[What you should do] Only these lines of the data below are wanted: the one with "DS7Z-12029-B | Катушка", the one with "Family of Four", and any lines between them, each repeated exactly.

[Data shown]
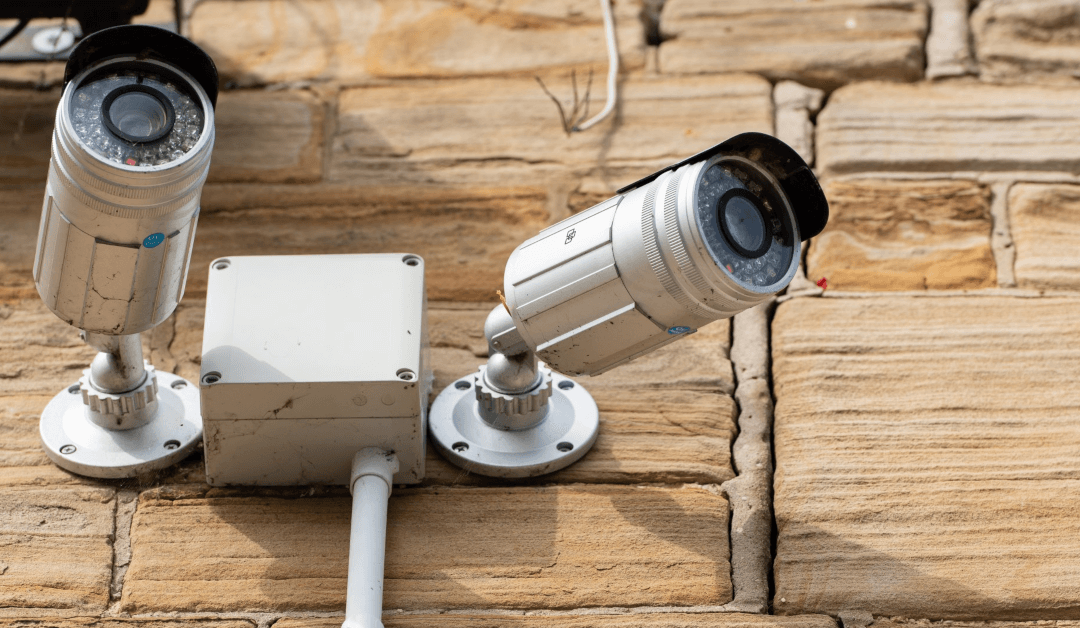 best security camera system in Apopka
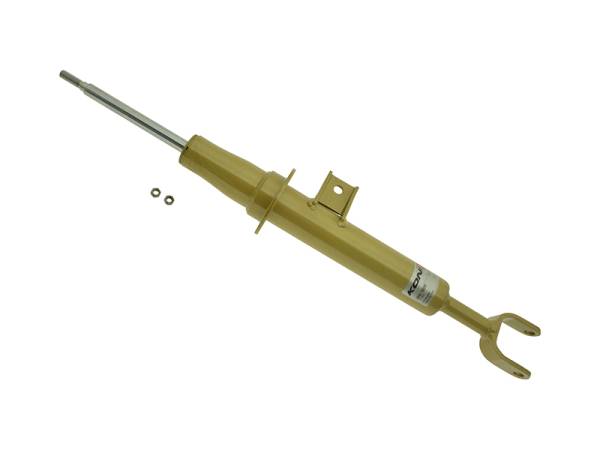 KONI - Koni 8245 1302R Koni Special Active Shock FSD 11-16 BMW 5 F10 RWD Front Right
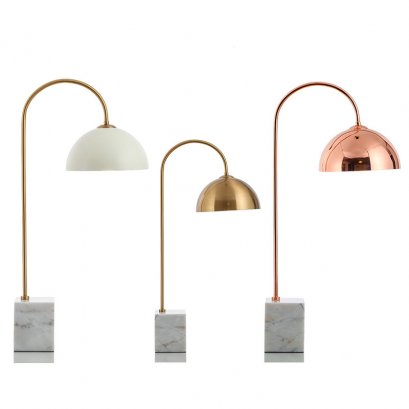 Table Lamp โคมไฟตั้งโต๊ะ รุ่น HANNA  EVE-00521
...
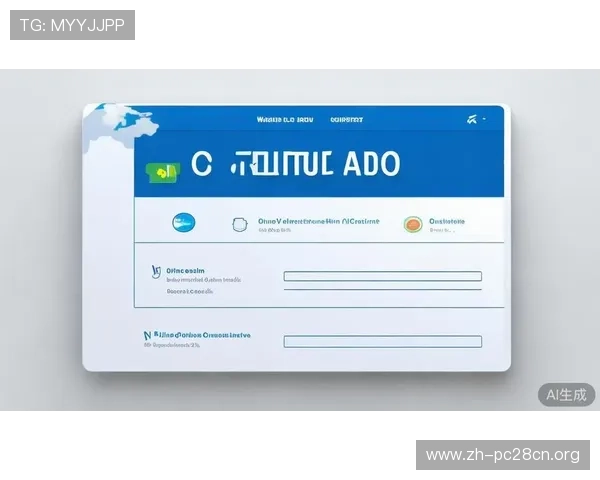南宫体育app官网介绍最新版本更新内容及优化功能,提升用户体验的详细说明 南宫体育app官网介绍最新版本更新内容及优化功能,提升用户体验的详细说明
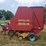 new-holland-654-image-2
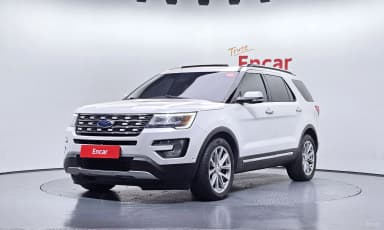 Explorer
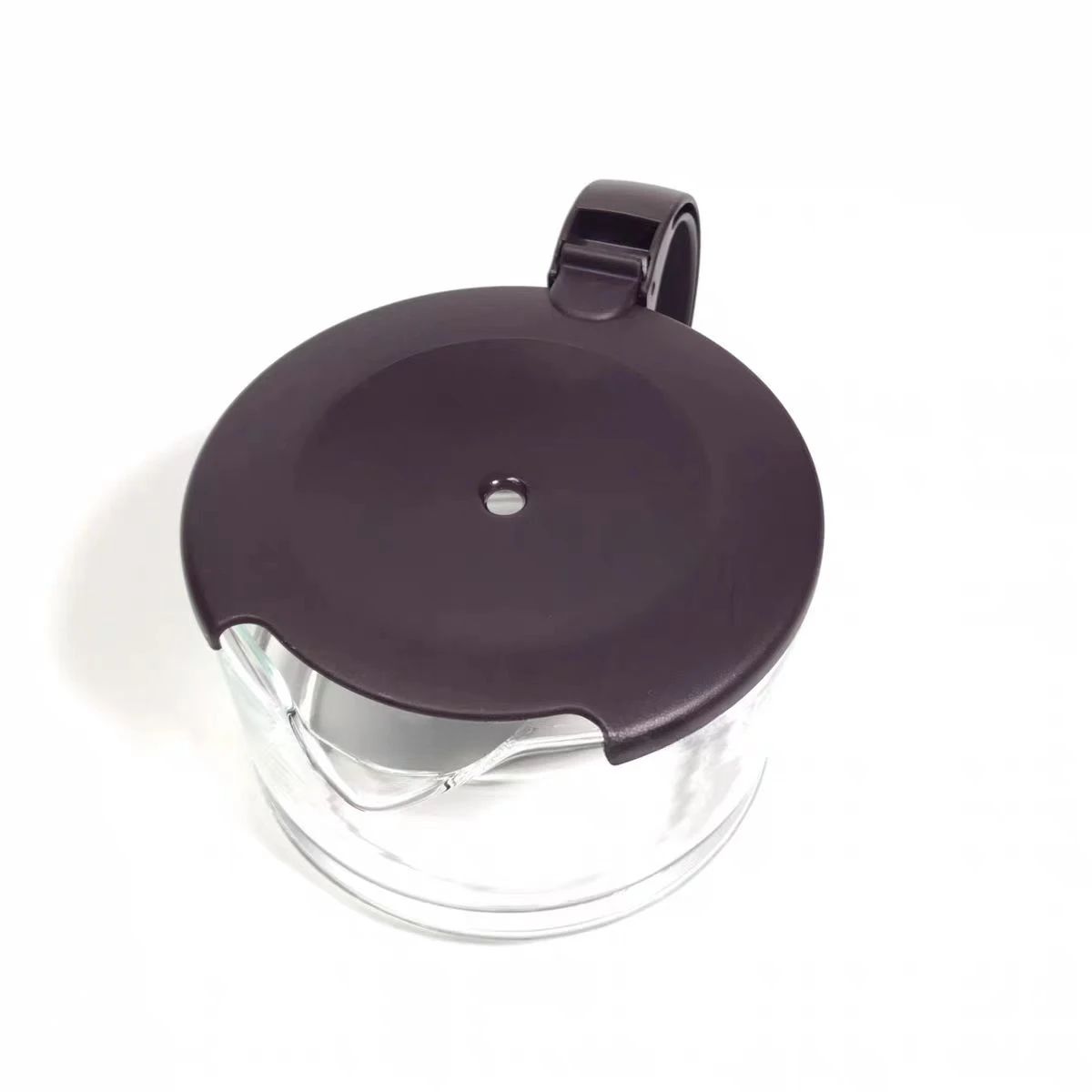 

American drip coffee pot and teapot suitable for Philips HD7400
==
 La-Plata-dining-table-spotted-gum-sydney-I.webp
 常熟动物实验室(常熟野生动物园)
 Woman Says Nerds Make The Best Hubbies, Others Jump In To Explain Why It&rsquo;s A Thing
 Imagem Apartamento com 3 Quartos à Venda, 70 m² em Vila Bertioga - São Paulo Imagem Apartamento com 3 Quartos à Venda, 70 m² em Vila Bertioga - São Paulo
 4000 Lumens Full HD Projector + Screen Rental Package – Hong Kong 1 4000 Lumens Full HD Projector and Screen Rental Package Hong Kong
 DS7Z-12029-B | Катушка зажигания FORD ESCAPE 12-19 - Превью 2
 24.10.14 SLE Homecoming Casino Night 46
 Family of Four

[Response for this exercise]
 DS7Z-12029-B | Катушка зажигания FORD ESCAPE 12-19 - Превью 2
 24.10.14 SLE Homecoming Casino Night 46
 Family of Four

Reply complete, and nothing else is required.